▶ _Material supplied_:
Start of Block

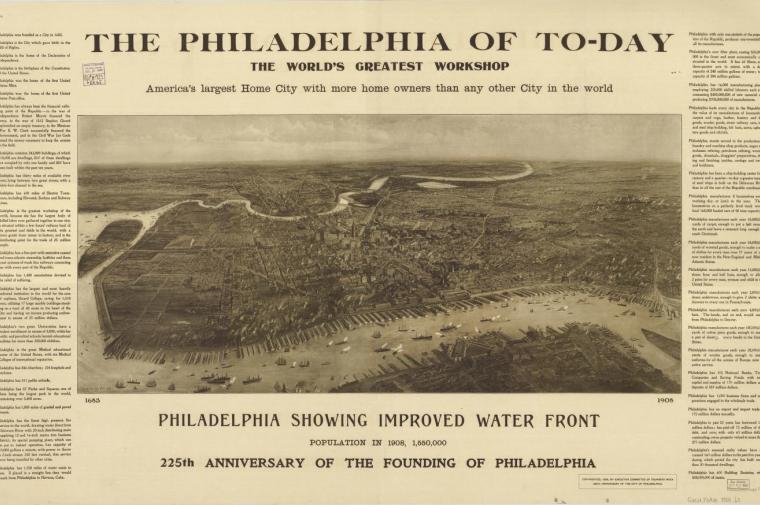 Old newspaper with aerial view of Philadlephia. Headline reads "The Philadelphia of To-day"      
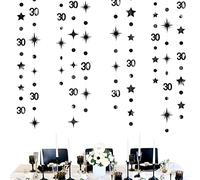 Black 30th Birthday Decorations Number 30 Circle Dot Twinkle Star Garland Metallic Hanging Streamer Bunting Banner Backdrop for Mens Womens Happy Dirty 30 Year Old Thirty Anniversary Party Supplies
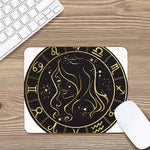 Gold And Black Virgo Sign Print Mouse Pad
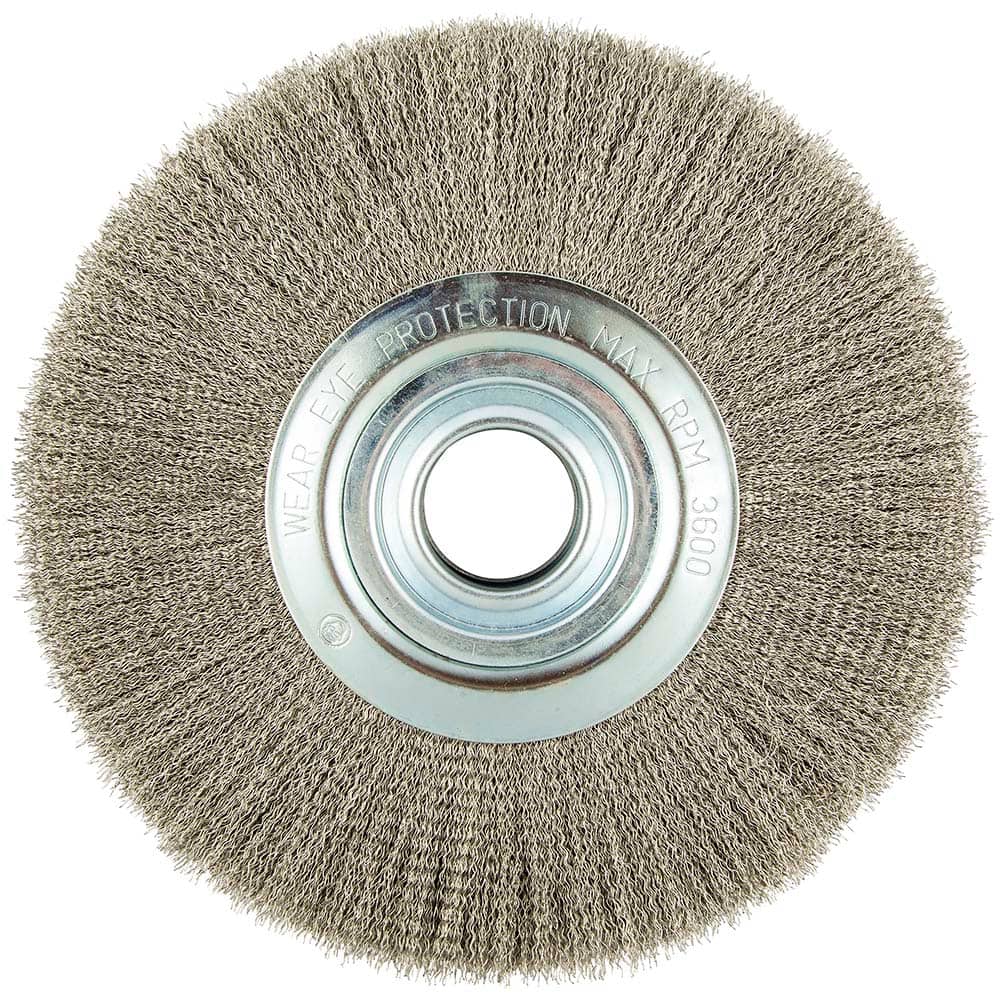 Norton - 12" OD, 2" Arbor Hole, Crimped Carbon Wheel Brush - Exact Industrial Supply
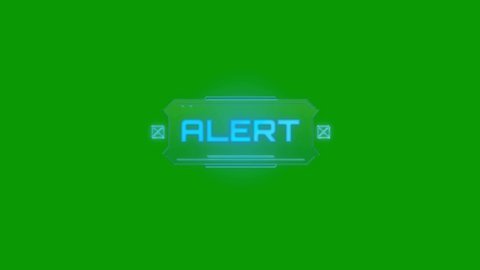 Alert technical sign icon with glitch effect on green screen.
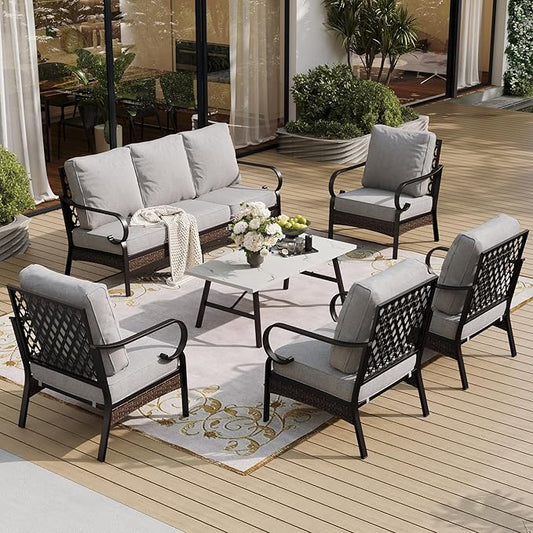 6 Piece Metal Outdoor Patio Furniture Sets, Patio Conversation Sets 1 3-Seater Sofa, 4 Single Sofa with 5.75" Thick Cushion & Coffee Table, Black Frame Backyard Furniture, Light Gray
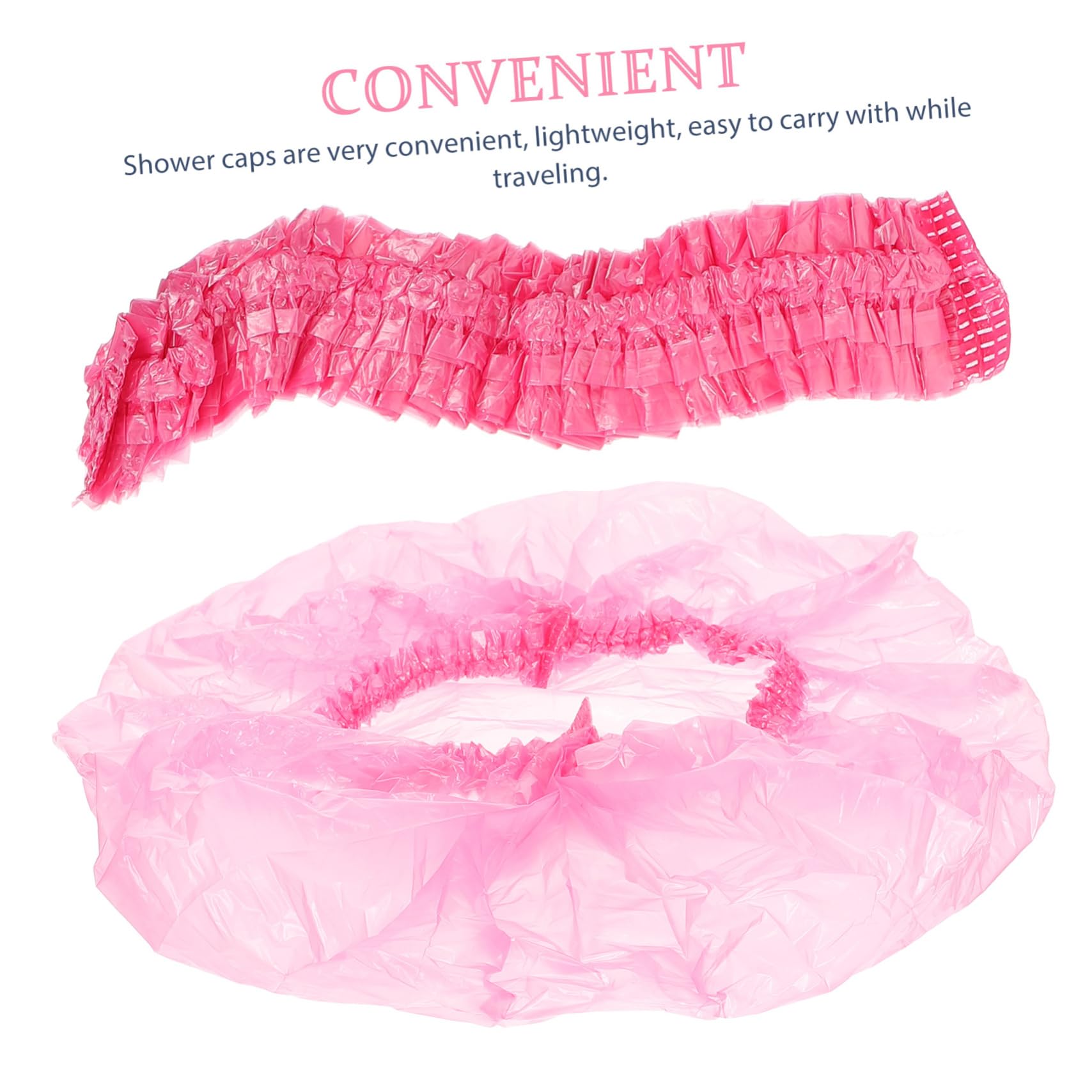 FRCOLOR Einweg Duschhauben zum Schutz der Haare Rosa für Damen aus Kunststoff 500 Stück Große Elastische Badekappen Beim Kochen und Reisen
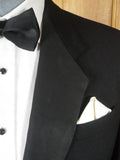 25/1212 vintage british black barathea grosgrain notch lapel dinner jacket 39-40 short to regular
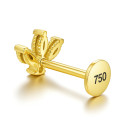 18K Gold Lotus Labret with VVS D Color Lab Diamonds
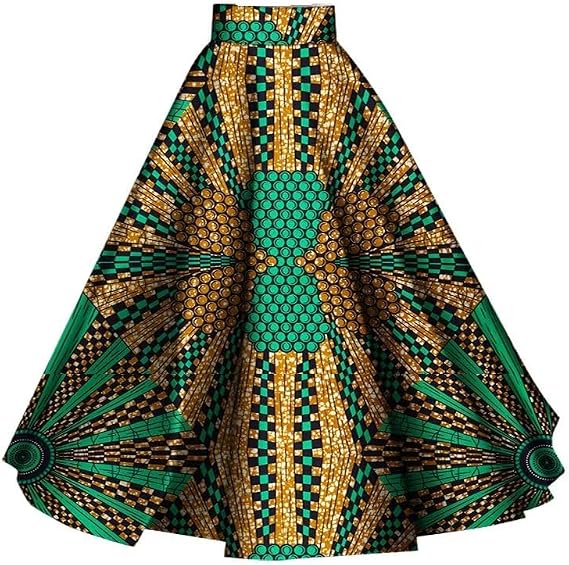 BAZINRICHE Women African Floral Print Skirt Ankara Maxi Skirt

End of Block

▶ _Task_: Starting with the line that holds "6 Piece Metal", return each line exactly through the final line of the entries above; pictures are not part of the output.

▶ _Solved exercise_:
 6 Piece Metal Outdoor Patio Furniture Sets, Patio Conversation Sets 1 3-Seater Sofa, 4 Single Sofa with 5.75" Thick Cushion & Coffee Table, Black Frame Backyard Furniture, Light Gray
 FRCOLOR Einweg Duschhauben zum Schutz der Haare Rosa für Damen aus Kunststoff 500 Stück Große Elastische Badekappen Beim Kochen und Reisen
 25/1212 vintage british black barathea grosgrain notch lapel dinner jacket 39-40 short to regular
 18K Gold Lotus Labret with VVS D Color Lab Diamonds
 BAZINRICHE Women African Floral Print Skirt Ankara Maxi Skirt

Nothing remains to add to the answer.